For the mounds and records of our own land, for Uxmal, and Chiapas, and Yucatan, for California and its progressing civilization, which he who first struck his spade in the Sacramento so little foresaw; for proofs of Scripture among the Mexicans, the Peruvians, for the luxuriant scenery of the Amazon, and all that Humboldt has laid open in North and South America: for America! let us leave the time-honored land with thankfulness for the truths that she has taught us. I bade farewell to Egypt. In a few days we made the coast of Candia or Crete, and saw the green mountain where Jupiter was fabled to have been born. One bright morning we stood under clear Mount Etna, a familiar mountain which I had scanned on Sicilian ground before. Messina was underneath, the scene of Neapolitan massacres. A few days brought us to Spezzia in Italy. Quarantine over, to Marseilles, Avignon, Lyons, Paris, Old Egypt's relics there, juggling zodiacs, dusty tomes in her Bibliotheque—London and her museums I faithfully explored; but this time with pleasure, for Egypt had become part only of a grand whole of faith.

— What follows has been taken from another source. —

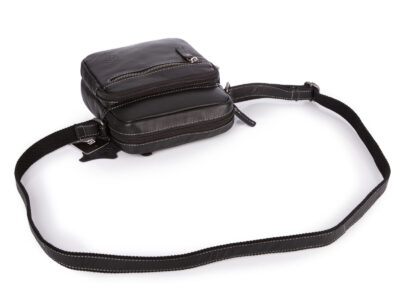 Średnia, czarna torba męska na ramię uszyta ze skóry naturalnej Jorey - obrazek 2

It was a bright Sunday morning in August, that I sallied from my hotel in Broadway, and crowds of well-dressed men and women thronged the thoroughfares of this busy, Christian city. Through the aisles of Trinity the organ was pealing, and voices went up chanting praises to Heaven. As I stepped in, the lesson was reading in Deuteronomy, chapter iv, and of parts of it, the words seemed meant for me. "But the Lord -hath taken you and brought you even out of Egypt. If from thence thou shalt seek the Lord thy God, thou shalt find him, if thou seek him with all thy heart and all thy soul," &c. Yes, what is conviction of truth, from science, from history, from Scripture, if we follow not in our lives the commandments of God, and the teaching and example of our Divine Master?

Reader, my wanderings among ruins will occupy you no longer, unless Nineveh, Babylon, Persepolis, Chiapas, Yucatan, or Mexico should entice me to their palaces, sepulchres and mounds.

APPENDIX.

A.

Astronomical Monuments in Egypt.

There were at Esne, Dendera, Hermonthis, tombs of the kings. Two were at Dendera, at the portico of the great temple; two at Esne. The four contained the twelve zodiacal constellations, of which the signs succeeded according to modern zodiacal interpretations.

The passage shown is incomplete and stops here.